Segment Start: SUPPLIED RECORDS
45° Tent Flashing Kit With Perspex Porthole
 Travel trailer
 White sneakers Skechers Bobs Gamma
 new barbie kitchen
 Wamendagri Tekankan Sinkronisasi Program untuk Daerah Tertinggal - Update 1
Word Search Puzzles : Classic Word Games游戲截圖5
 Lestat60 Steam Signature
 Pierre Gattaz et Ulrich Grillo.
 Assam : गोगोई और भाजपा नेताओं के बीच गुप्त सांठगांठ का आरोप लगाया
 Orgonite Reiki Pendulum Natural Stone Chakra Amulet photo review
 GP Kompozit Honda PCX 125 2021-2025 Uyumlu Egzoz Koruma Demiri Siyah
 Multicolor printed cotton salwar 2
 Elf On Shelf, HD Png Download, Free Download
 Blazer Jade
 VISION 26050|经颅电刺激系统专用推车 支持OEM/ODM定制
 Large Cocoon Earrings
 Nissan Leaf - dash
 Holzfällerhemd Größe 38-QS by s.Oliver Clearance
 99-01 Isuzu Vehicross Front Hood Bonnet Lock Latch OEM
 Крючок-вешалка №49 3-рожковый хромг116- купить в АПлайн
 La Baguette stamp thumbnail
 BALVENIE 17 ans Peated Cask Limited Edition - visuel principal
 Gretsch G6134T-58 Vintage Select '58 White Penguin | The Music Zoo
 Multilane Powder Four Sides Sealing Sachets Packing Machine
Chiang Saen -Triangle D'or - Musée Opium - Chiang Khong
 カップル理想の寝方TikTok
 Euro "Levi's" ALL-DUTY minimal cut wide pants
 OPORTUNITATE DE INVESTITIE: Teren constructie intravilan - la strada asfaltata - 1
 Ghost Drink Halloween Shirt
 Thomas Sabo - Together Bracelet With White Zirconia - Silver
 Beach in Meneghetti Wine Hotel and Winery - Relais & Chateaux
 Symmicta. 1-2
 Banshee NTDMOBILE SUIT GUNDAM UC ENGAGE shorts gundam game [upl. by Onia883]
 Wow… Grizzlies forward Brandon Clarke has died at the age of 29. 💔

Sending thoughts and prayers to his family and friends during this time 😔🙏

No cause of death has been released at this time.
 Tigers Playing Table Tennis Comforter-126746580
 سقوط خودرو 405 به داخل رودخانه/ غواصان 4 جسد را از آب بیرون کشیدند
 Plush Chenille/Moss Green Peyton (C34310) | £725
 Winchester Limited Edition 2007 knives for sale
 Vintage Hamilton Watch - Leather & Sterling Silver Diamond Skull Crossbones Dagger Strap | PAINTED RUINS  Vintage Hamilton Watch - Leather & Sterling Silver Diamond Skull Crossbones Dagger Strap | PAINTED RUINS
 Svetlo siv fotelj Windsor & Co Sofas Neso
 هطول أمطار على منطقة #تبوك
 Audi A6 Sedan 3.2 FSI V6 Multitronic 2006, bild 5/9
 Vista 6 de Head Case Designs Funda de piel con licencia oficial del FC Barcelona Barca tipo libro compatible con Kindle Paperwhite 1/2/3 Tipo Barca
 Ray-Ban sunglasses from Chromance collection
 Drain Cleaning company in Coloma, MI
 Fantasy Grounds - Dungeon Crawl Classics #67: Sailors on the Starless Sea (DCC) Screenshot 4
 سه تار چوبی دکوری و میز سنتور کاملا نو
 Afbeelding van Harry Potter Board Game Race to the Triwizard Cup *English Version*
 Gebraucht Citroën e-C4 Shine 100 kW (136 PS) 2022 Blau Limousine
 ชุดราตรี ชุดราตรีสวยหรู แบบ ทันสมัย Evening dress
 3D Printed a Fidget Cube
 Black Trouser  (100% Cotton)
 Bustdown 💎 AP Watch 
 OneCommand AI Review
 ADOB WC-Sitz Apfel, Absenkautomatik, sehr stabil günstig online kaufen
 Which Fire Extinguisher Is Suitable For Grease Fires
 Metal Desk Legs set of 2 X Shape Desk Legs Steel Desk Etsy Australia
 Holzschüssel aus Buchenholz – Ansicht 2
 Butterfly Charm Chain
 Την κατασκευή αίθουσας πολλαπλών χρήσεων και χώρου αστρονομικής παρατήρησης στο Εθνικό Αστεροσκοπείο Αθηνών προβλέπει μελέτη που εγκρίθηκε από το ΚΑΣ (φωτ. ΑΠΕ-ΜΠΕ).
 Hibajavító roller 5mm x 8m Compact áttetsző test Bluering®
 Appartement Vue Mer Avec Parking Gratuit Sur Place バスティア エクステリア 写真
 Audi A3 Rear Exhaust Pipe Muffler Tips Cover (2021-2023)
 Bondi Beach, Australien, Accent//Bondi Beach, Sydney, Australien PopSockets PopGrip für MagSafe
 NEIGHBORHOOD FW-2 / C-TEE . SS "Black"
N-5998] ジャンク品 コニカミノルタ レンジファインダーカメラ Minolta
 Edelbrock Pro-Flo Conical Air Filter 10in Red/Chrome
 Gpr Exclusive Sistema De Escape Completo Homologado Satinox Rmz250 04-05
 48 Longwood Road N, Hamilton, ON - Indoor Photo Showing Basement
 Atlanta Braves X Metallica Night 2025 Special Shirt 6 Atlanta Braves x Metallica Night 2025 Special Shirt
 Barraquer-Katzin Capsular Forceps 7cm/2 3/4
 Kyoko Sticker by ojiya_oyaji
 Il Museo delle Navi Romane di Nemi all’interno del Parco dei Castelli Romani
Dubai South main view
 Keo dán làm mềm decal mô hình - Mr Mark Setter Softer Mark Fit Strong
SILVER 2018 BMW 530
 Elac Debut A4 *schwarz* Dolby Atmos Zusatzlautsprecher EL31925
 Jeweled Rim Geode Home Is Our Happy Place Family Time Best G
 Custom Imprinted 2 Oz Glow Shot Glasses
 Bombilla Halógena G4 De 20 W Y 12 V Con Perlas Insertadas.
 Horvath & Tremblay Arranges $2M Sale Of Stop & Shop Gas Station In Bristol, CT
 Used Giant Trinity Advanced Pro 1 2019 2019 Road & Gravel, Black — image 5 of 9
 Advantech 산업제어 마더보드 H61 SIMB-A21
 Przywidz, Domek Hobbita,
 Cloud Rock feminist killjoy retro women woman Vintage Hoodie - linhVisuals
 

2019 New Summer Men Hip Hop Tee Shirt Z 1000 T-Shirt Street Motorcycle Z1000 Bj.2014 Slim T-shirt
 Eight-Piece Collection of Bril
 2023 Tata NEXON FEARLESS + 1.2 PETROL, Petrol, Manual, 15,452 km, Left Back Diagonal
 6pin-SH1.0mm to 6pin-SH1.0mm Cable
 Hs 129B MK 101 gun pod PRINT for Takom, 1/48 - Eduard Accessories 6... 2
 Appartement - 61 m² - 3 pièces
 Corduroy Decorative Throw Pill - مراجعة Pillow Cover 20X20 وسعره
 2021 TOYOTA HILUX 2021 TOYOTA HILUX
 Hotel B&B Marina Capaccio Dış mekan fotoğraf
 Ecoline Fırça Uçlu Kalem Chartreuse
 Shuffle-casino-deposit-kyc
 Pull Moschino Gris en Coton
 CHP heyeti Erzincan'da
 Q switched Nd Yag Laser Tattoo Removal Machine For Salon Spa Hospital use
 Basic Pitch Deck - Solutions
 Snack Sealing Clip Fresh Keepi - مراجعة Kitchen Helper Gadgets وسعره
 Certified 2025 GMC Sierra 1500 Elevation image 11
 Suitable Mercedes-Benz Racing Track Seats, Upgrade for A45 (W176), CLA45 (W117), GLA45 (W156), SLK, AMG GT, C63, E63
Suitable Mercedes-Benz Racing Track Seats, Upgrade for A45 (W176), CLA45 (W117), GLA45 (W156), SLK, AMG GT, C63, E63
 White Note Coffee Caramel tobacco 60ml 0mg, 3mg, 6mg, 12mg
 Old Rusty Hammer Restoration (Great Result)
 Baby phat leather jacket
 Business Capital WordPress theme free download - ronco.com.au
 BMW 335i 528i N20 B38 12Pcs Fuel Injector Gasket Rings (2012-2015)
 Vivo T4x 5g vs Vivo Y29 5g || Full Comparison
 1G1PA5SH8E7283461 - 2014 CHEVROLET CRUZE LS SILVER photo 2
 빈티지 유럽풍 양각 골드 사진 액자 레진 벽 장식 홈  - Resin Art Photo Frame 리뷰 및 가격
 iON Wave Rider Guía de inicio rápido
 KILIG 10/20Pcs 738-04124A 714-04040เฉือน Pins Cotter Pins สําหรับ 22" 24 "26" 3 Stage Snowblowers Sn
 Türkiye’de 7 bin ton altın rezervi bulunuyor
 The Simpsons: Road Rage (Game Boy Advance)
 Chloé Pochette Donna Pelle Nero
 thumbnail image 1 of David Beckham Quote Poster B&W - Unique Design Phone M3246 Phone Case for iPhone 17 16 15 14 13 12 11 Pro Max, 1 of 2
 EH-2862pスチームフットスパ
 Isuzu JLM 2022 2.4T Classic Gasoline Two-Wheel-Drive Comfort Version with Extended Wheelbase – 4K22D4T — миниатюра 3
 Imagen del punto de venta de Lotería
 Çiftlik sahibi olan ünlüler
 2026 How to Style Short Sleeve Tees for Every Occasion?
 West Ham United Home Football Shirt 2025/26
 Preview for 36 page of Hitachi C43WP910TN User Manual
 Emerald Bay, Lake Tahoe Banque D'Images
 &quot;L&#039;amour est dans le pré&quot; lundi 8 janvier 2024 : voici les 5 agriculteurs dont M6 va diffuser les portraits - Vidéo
Segment End: SUPPLIED RECORDS
▶ WHAT YOU SHOULD DO: Could you count how many lines in the records contain the word "Shirt"? Only the number is needed.

▶ ANSWER TO THIS PROBLEM: 4